Guy RavehOct 13 20222

Possibly. As we've discussed privately, I think some AI safety groups which are usually lauded are actually net negative 🙃

But I was trying to interpret Neel and not give my own opinion.

Yonatan CaleOct 13 20222

My meta-opinion is that it would be better to see what others think about working on capabilities in top labs, compared to going there without even considering the downsides. What do you think? (A)

And also that before working at "AI safety groups which are usually lauded [but] are actually net negative", it would be better to read comments of people like you. What do you think? (B)

Guy RavehOct 13 20222

I somewhat disagree with both statements.

(A) Sure, it'd be good to have opinions from relevant people, but on the other hand it's non-trivial to figure out who "relevant people" are, and "the general opinion on LW" is probably not the right category. I'd look more at what (1) people actually working in the field, and (2) the broad ML community, think about an org. So maybe the Alignment Forum.

(B) I can only answer on my specific views. My opinion on [MIRI] probably wouldn't really help individuals seeking to work there, since they probably know everything I know and have their own opinions. My opinions are more suitable for discussions on the general AI safety community culture.

Yonatan CaleOct 12 20222

By the way, I personally resonate with your advice on forming an inside view and am taking that path, but it doesn't fit everyone. Some people don't want all that homework, they want to get in a company and write code, and, to be clear, it is common for them to apply to all orgs that [they see their names in EA spaces] or something like that (very wide, many orgs). This is the target audience I'm trying to help.

JJ BalisanOct 18 20223

I would just probably tell people to work in another field than explicitly encouraging goodharting their way to trying to having positive impact in an area with extreme variance.

alex lawsenOct 12 20227

Thinking about where to work seems reasonable, listening to others' thoughts on where to work seems reasonable, this post advises both.
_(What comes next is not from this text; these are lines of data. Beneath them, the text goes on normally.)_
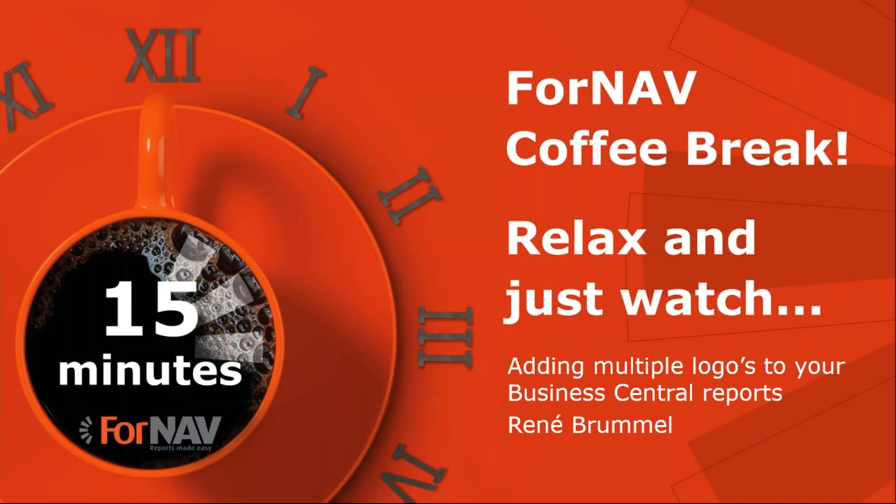Hi and welcome to this ForNAV coffee break. My name is René Brummel. I'm a product specialist at ForNAV and I will be your presenter today.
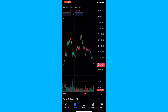How to draw a head and shoulders pattern on the TradingView mobile app. This video is going to be a complete step-by-step tutorial, so if you follow along, by the end of this video you will be able to draw a head and shoulders pattern on the TradingView mobile app.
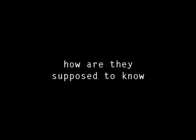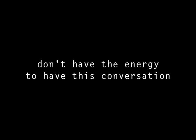What am I supposed to do? How are they supposed to know? Don't have the energy to have this conversation one after the other, one after the other.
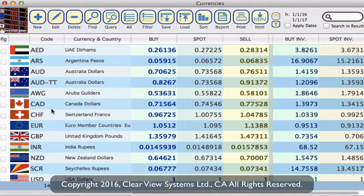This alphabetical order is reflected on your rate board as well. So if you have a lot of currencies and you want certain ones displayed first at the top of your list, this is how we can set that right here.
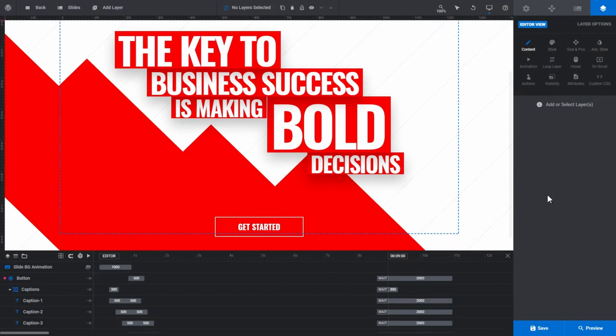Hello everyone, Daz here, and in this video we're going to take a look at the fundamentals of animation using Slider Revolution.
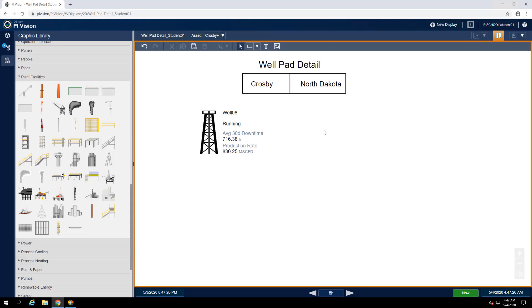So far, our display is looking good, but it only shows one oil well at the Crosby well pad and we know for a fact that Crosby has three wells.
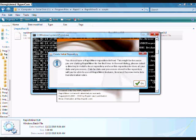I would also recommend going into Task Manager and closing all your unnecessary processes and tasks, so your computer has the maximum amount of resources available to run RapidMiner. With that done, your RapidMiner should be running fine — it should be able to crunch much larger data sets and shouldn't give you any problem when it comes to freezing.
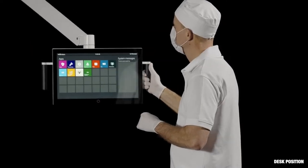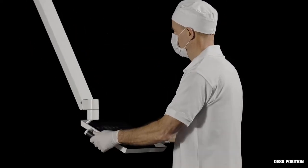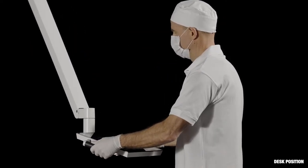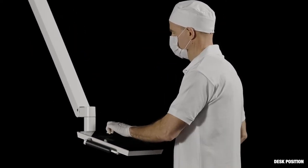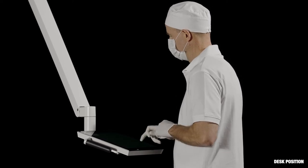For better access to the virtual keyboard, tilt the navigator to the desk position.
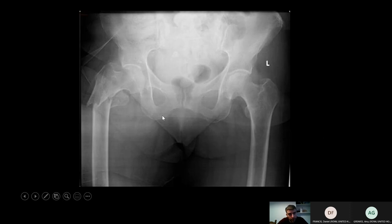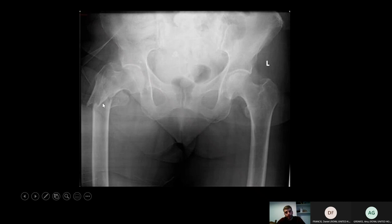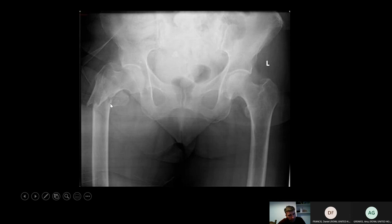Finally, here's a subtrochanteric fracture — classified as anything below the lesser trochanter up to five centimetres below; after that they're called femoral shaft fractures. This has a classic deformity where the proximal fragment is pulled up and out, while the femoral shaft distally gets pulled medially by the adductors. The lesser trochanter has also come off. When you're in ED, be aware that these will tend to bleed a lot, so note the haemoglobin when they come in.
This post also pretty strongly suggests that lesswrong comments are the best choice of others' thoughts, and I would like to see that claim made explicit and then argued for rather than slipped in. As a couple of other comments have noted, lesswrong is far from a perfect signal of the alignment space.

Yonatan CaleOct 12 20222

Thanks (also) for the pushback part!

Do you have an alternative to lesswrong comments that you'd suggest?

WilliamKielyOct 12 20225

Seems like there is a big gap between "Study AI Safety for 2 years before you apply" and reading posts, rather than just the most up-voted comments.

WilliamKielyOct 12 20224

Other feedback: I don't understand why you call some of your suggestions "crazy"/"crazier". Also when you wrote "less joklingly" I had missed the joke. Perhaps your suggestions could be rewritten to be more clear without these words.

Yonatan CaleOct 12 20222

The joke is supposed to be that "reading the post" isn't actually that crazy. I see this wasn't understood (oops!). I'm going to start by trying to get the content right (since lots of people pushed back on it) and then try fixing this too

Yonatan CaleOct 12 20222

I didn't understand, could you say this in other words please?
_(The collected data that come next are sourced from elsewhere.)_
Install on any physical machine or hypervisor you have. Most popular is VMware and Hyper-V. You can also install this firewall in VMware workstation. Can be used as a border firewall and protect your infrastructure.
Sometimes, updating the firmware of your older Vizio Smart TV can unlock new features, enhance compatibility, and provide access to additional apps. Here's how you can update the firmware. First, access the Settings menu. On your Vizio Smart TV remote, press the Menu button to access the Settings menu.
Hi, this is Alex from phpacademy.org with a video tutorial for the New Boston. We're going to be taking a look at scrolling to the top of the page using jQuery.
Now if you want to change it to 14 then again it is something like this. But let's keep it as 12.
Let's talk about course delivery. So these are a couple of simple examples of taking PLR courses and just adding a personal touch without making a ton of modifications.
Or did you mean it like this:

Seems like there is a big gap between ["Study AI Safety for 2 years before you apply" and reading posts], rather than [just the most up-voted comments].

WilliamKielyOct 12 20222

I meant it like that, yes. Seems like there is a big gap between ["Study AI Safety for 2 years before you apply" and reading posts].

Yonatan CaleOct 13 20222

So what would you suggest? Reading a few posts about that org?

Rubi J. HudsonOct 12 20225

Seems worth asking in interviews "I'm concerned about advancing capabilities and shortening timelines, what actions is your organization taking to prevent that", with the caveat that you will be BSed.

Bonus: You can turn down roles explicitly because they're doing capabilities work, which if it becomes a pattern may incentivize them to change their plan.

Yonatan CaleOct 12 20222

I agree, see foot note 2